Football Reference 101 — Finding your way through a gold mine

Open your laptop, open your browser, open fbref.com

Ninad Barbadikar
7 min readJun 16, 2021

Hey everyone, how’s it going?

Hope all of you have been safe and well and if you’re going through something, I sincerely hope that things get better for you soon.

Today’s blog post is all about football reference, aka FBref.com

For years now, football reference has become the no.1 playground for people of all ages to play around with numbers in football. And rightly so, the makers of fbref.com deserve huge credit for creating such a useful resource for so many of us who are either just starting out or are slightly more experienced in using football data to gain insights.

For anyone just starting out in the world of football data, all the numbers can seem very exciting and the world can seem full of endless possibilities. But I think it’s important to channel all of that energy in the right direction and try to understand what exactly it is, that you’re working with.

So without any further ado, let’s get straight into it.
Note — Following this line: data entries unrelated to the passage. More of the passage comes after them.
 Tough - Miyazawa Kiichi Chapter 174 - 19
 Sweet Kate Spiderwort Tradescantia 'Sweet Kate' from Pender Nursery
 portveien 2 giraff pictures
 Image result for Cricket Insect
Let’s try to look at player shooting data which can be found under the squad and player stats tab on any of the competitions pages.
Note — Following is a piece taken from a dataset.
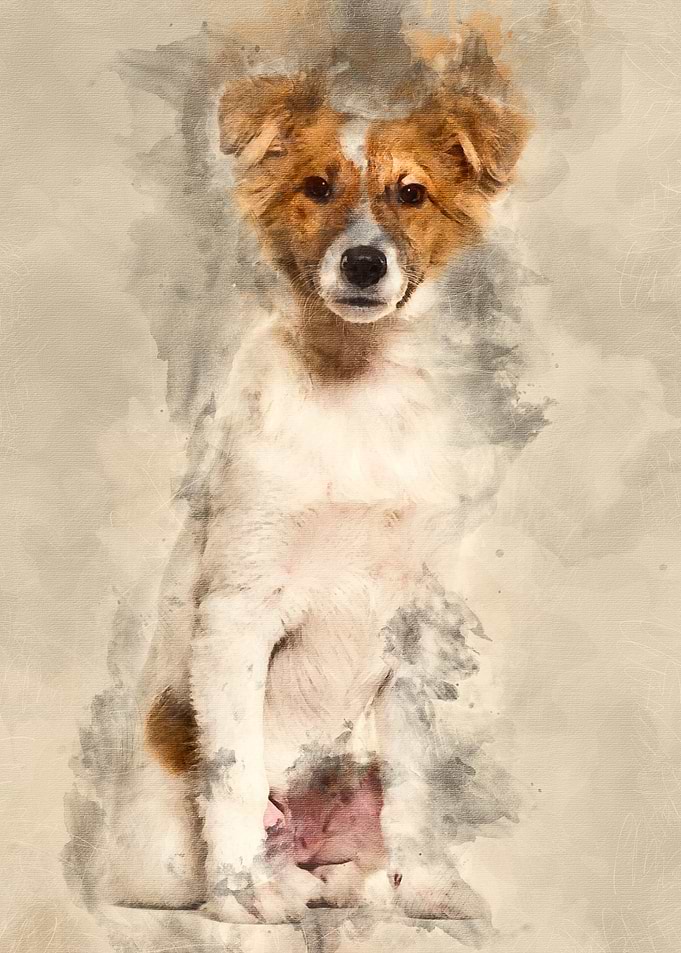 Mixedbreed dog sitting ag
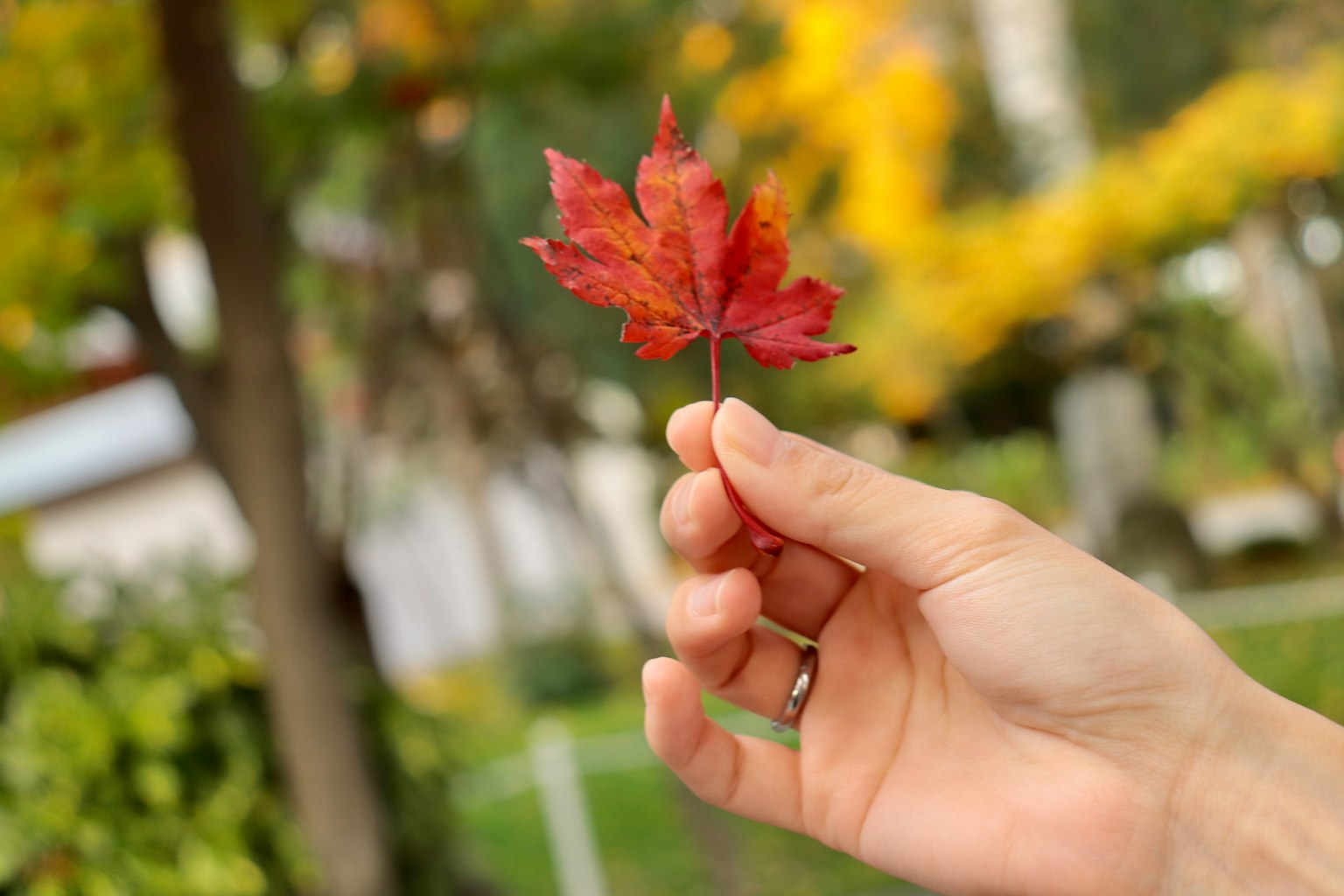 Eine Hand hält ein rotes Ahornblatt mit einem herbstlichen Hintergrund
Note: I have only used Premier League data for this article.

Scrolling down to the players data table. This is what you generally see.

Data for Premier League players

You’ll notice that the entire table is split into different sections, so let me try to elaborate on some of the metrics which are interesting.

Minutes played (Min)

Minutes played overall in the season is actually a very useful indicator of a particular player’s availability throughout the campaign and is often a good indicator of the sample size. For example, if you’re looking to compare two strikers, it’s always better to compare them if they have more or less similar amounts of minutes played. This means opposition quality has evened out during that time period and in a more general sense, you’re also able to eliminate the effect of outlier performances.

So it’s not a good idea to compare Dele Alli’s numbers with anyone else in the league, because for whatever reason(we know the reasons), he’s only played 620 minutes.

This is why it’s a good idea to use per90 numbers when comparing players with different amounts of matches played. Alternatively, you could also set a threshold of matches played. Say, for example, 10 matches played or 15 matches played over the course of a season.

Moving on.

Under the performance column, you have some of the more familiar figures broadly used by everyone. Goals, everybody loves them. Strikers live for them. Goalkeepers hate to concede them. And analysts love to break them down.

Goals overall or Goals per90 is usually a decent indicator for output depending on the position you’re looking at. For strikers, goals are important, and being able to deliver goals on a regular basis is even more so.

But even if you’re not scoring the goals, it’s important to try. And for that, we have :

Shots overall or shots per90

Taking shots during a game is important. As a striker, you want to consistently test the opposition keeper, and taking shots is the best way to do that. Unsettling opposition defenses, winning set-pieces, testing goalkeepers, shots do the lot.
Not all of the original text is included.